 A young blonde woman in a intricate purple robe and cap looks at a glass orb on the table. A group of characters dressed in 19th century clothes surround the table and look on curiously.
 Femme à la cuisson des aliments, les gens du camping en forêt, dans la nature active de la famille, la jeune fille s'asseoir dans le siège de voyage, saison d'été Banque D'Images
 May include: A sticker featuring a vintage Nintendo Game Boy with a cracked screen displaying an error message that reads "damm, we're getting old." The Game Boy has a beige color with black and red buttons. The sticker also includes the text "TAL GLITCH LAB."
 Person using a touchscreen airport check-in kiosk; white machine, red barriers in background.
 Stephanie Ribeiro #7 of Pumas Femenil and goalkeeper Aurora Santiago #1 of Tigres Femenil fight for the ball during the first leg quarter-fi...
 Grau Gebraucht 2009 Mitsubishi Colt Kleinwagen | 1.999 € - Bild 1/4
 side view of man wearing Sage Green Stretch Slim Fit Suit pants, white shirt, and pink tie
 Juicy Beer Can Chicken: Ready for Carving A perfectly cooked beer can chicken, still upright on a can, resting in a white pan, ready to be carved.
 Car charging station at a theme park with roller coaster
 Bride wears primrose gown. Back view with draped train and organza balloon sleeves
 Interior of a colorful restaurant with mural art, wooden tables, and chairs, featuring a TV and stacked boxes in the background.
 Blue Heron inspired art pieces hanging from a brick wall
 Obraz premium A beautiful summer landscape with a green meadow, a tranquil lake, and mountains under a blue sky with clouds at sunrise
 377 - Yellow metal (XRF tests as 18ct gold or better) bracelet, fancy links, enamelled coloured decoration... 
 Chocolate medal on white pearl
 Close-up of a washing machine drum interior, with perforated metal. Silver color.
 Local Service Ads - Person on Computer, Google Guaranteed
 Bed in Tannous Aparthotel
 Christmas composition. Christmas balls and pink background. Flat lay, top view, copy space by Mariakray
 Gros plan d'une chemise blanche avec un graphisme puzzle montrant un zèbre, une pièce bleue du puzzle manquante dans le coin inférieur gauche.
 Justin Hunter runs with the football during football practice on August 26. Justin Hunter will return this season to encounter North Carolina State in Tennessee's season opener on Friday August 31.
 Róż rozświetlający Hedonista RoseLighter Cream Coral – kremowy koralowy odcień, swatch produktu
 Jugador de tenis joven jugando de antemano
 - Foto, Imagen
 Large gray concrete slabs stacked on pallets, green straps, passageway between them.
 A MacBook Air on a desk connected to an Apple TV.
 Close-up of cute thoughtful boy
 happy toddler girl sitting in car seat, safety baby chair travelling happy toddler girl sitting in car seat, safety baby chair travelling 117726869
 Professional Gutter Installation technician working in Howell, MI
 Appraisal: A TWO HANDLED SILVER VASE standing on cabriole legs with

----------

▶ [Activity]: The span to give again runs from the line with "Jugador de tenis joven jugando de antemano" through the last line of the records above; reproduce it exactly and nothing more.

▶ [Task solution]:
 Jugador de tenis joven jugando de antemano
 - Foto, Imagen
 Large gray concrete slabs stacked on pallets, green straps, passageway between them.
 A MacBook Air on a desk connected to an Apple TV.
 Close-up of cute thoughtful boy
 happy toddler girl sitting in car seat, safety baby chair travelling happy toddler girl sitting in car seat, safety baby chair travelling 117726869
 Professional Gutter Installation technician working in Howell, MI
 Appraisal: A TWO HANDLED SILVER VASE standing on cabriole legs with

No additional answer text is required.